[[ LISTED ENTRIES, beginning ]]
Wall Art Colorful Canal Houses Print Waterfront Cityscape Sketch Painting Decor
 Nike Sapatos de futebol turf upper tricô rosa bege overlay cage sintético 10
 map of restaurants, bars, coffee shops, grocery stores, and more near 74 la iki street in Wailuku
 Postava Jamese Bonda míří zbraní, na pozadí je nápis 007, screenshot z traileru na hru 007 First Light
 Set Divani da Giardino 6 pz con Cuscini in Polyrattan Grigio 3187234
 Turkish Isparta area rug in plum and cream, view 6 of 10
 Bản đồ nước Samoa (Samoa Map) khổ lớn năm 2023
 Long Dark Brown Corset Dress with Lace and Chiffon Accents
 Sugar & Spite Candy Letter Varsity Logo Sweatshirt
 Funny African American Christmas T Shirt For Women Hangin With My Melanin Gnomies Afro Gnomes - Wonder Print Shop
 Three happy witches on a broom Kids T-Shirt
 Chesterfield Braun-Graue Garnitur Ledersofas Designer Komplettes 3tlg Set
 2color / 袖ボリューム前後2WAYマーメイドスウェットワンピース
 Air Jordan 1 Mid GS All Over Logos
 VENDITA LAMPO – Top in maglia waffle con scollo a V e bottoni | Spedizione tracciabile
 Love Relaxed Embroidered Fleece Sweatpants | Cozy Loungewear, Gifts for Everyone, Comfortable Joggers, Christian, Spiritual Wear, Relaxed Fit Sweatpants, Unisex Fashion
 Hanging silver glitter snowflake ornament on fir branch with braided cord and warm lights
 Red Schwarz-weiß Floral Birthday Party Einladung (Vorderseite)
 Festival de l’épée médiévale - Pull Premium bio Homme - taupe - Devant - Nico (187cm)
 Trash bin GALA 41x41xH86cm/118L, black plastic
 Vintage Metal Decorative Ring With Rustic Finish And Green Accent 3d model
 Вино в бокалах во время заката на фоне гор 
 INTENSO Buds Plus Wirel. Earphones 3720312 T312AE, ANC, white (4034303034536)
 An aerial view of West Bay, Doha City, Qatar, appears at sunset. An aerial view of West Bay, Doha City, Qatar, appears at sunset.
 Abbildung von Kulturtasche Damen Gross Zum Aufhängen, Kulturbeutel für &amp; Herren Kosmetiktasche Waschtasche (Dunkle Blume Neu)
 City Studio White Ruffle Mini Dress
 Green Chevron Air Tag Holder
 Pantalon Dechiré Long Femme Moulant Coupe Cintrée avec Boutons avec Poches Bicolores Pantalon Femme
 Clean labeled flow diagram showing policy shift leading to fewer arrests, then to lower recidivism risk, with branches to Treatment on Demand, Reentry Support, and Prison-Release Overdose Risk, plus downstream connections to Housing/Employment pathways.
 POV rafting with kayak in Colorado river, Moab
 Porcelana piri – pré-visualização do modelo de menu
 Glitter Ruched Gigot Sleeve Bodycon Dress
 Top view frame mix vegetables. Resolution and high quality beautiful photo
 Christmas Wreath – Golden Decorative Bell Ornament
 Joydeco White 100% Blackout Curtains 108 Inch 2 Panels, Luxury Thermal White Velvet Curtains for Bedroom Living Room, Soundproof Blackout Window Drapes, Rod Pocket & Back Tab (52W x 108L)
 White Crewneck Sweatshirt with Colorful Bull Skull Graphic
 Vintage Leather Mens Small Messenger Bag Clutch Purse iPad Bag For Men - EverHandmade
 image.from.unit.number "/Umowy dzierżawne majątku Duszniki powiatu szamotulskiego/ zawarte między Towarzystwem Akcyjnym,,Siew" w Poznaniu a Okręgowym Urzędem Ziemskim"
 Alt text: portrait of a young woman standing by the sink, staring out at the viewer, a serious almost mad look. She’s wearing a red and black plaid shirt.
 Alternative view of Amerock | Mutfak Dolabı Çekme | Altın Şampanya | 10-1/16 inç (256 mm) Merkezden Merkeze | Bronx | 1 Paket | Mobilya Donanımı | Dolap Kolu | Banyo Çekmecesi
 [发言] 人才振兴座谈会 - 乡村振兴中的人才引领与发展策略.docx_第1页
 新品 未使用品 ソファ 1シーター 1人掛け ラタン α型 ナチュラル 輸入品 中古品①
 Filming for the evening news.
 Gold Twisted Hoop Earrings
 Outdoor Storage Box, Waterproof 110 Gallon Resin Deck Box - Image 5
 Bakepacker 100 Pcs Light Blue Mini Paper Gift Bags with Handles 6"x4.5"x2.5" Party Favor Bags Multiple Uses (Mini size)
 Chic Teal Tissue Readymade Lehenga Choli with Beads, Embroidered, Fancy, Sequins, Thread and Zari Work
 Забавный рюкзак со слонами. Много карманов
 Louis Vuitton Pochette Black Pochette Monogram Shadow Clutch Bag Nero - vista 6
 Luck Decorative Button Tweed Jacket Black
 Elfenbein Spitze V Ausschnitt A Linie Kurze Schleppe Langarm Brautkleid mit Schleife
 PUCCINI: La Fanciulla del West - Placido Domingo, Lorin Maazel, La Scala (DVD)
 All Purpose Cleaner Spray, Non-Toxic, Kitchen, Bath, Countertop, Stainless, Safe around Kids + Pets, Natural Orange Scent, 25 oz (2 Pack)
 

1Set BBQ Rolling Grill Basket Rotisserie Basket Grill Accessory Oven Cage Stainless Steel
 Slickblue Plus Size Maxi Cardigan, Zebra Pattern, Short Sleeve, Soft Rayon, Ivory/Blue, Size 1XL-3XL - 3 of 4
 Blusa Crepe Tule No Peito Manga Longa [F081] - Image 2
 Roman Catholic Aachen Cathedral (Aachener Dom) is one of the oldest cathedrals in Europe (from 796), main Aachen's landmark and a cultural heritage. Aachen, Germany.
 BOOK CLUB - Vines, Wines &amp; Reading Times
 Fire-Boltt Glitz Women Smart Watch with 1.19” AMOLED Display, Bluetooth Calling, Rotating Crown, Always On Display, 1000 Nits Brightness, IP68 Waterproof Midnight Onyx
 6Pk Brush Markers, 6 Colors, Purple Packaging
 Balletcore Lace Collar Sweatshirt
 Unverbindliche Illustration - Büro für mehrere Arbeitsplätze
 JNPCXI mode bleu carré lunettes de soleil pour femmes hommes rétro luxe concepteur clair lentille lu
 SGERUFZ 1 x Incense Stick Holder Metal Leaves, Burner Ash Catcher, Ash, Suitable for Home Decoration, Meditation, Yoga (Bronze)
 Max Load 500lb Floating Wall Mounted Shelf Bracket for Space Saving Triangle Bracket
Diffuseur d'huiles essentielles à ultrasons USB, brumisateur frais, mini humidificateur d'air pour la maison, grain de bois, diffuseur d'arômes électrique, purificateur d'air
[[ LISTED ENTRIES, end ]]
■ WHAT NEEDS TO BE DONE: Restate every record verbatim.

■ TASK OUTPUT:
Wall Art Colorful Canal Houses Print Waterfront Cityscape Sketch Painting Decor
 Nike Sapatos de futebol turf upper tricô rosa bege overlay cage sintético 10
 map of restaurants, bars, coffee shops, grocery stores, and more near 74 la iki street in Wailuku
 Postava Jamese Bonda míří zbraní, na pozadí je nápis 007, screenshot z traileru na hru 007 First Light
 Set Divani da Giardino 6 pz con Cuscini in Polyrattan Grigio 3187234
 Turkish Isparta area rug in plum and cream, view 6 of 10
 Bản đồ nước Samoa (Samoa Map) khổ lớn năm 2023
 Long Dark Brown Corset Dress with Lace and Chiffon Accents
 Sugar & Spite Candy Letter Varsity Logo Sweatshirt
 Funny African American Christmas T Shirt For Women Hangin With My Melanin Gnomies Afro Gnomes - Wonder Print Shop
 Three happy witches on a broom Kids T-Shirt
 Chesterfield Braun-Graue Garnitur Ledersofas Designer Komplettes 3tlg Set
 2color / 袖ボリューム前後2WAYマーメイドスウェットワンピース
 Air Jordan 1 Mid GS All Over Logos
 VENDITA LAMPO – Top in maglia waffle con scollo a V e bottoni | Spedizione tracciabile
 Love Relaxed Embroidered Fleece Sweatpants | Cozy Loungewear, Gifts for Everyone, Comfortable Joggers, Christian, Spiritual Wear, Relaxed Fit Sweatpants, Unisex Fashion
 Hanging silver glitter snowflake ornament on fir branch with braided cord and warm lights
 Red Schwarz-weiß Floral Birthday Party Einladung (Vorderseite)
 Festival de l’épée médiévale - Pull Premium bio Homme - taupe - Devant - Nico (187cm)
 Trash bin GALA 41x41xH86cm/118L, black plastic
 Vintage Metal Decorative Ring With Rustic Finish And Green Accent 3d model
 Вино в бокалах во время заката на фоне гор 
 INTENSO Buds Plus Wirel. Earphones 3720312 T312AE, ANC, white (4034303034536)
 An aerial view of West Bay, Doha City, Qatar, appears at sunset. An aerial view of West Bay, Doha City, Qatar, appears at sunset.
 Abbildung von Kulturtasche Damen Gross Zum Aufhängen, Kulturbeutel für &amp; Herren Kosmetiktasche Waschtasche (Dunkle Blume Neu)
 City Studio White Ruffle Mini Dress
 Green Chevron Air Tag Holder
 Pantalon Dechiré Long Femme Moulant Coupe Cintrée avec Boutons avec Poches Bicolores Pantalon Femme
 Clean labeled flow diagram showing policy shift leading to fewer arrests, then to lower recidivism risk, with branches to Treatment on Demand, Reentry Support, and Prison-Release Overdose Risk, plus downstream connections to Housing/Employment pathways.
 POV rafting with kayak in Colorado river, Moab
 Porcelana piri – pré-visualização do modelo de menu
 Glitter Ruched Gigot Sleeve Bodycon Dress
 Top view frame mix vegetables. Resolution and high quality beautiful photo
 Christmas Wreath – Golden Decorative Bell Ornament
 Joydeco White 100% Blackout Curtains 108 Inch 2 Panels, Luxury Thermal White Velvet Curtains for Bedroom Living Room, Soundproof Blackout Window Drapes, Rod Pocket & Back Tab (52W x 108L)
 White Crewneck Sweatshirt with Colorful Bull Skull Graphic
 Vintage Leather Mens Small Messenger Bag Clutch Purse iPad Bag For Men - EverHandmade
 image.from.unit.number "/Umowy dzierżawne majątku Duszniki powiatu szamotulskiego/ zawarte między Towarzystwem Akcyjnym,,Siew" w Poznaniu a Okręgowym Urzędem Ziemskim"
 Alt text: portrait of a young woman standing by the sink, staring out at the viewer, a serious almost mad look. She’s wearing a red and black plaid shirt.
 Alternative view of Amerock | Mutfak Dolabı Çekme | Altın Şampanya | 10-1/16 inç (256 mm) Merkezden Merkeze | Bronx | 1 Paket | Mobilya Donanımı | Dolap Kolu | Banyo Çekmecesi
 [发言] 人才振兴座谈会 - 乡村振兴中的人才引领与发展策略.docx_第1页
 新品 未使用品 ソファ 1シーター 1人掛け ラタン α型 ナチュラル 輸入品 中古品①
 Filming for the evening news.
 Gold Twisted Hoop Earrings
 Outdoor Storage Box, Waterproof 110 Gallon Resin Deck Box - Image 5
 Bakepacker 100 Pcs Light Blue Mini Paper Gift Bags with Handles 6"x4.5"x2.5" Party Favor Bags Multiple Uses (Mini size)
 Chic Teal Tissue Readymade Lehenga Choli with Beads, Embroidered, Fancy, Sequins, Thread and Zari Work
 Забавный рюкзак со слонами. Много карманов
 Louis Vuitton Pochette Black Pochette Monogram Shadow Clutch Bag Nero - vista 6
 Luck Decorative Button Tweed Jacket Black
 Elfenbein Spitze V Ausschnitt A Linie Kurze Schleppe Langarm Brautkleid mit Schleife
 PUCCINI: La Fanciulla del West - Placido Domingo, Lorin Maazel, La Scala (DVD)
 All Purpose Cleaner Spray, Non-Toxic, Kitchen, Bath, Countertop, Stainless, Safe around Kids + Pets, Natural Orange Scent, 25 oz (2 Pack)
 

1Set BBQ Rolling Grill Basket Rotisserie Basket Grill Accessory Oven Cage Stainless Steel
 Slickblue Plus Size Maxi Cardigan, Zebra Pattern, Short Sleeve, Soft Rayon, Ivory/Blue, Size 1XL-3XL - 3 of 4
 Blusa Crepe Tule No Peito Manga Longa [F081] - Image 2
 Roman Catholic Aachen Cathedral (Aachener Dom) is one of the oldest cathedrals in Europe (from 796), main Aachen's landmark and a cultural heritage. Aachen, Germany.
 BOOK CLUB - Vines, Wines &amp; Reading Times
 Fire-Boltt Glitz Women Smart Watch with 1.19” AMOLED Display, Bluetooth Calling, Rotating Crown, Always On Display, 1000 Nits Brightness, IP68 Waterproof Midnight Onyx
 6Pk Brush Markers, 6 Colors, Purple Packaging
 Balletcore Lace Collar Sweatshirt
 Unverbindliche Illustration - Büro für mehrere Arbeitsplätze
 JNPCXI mode bleu carré lunettes de soleil pour femmes hommes rétro luxe concepteur clair lentille lu
 SGERUFZ 1 x Incense Stick Holder Metal Leaves, Burner Ash Catcher, Ash, Suitable for Home Decoration, Meditation, Yoga (Bronze)
 Max Load 500lb Floating Wall Mounted Shelf Bracket for Space Saving Triangle Bracket
Diffuseur d'huiles essentielles à ultrasons USB, brumisateur frais, mini humidificateur d'air pour la maison, grain de bois, diffuseur d'arômes électrique, purificateur d'air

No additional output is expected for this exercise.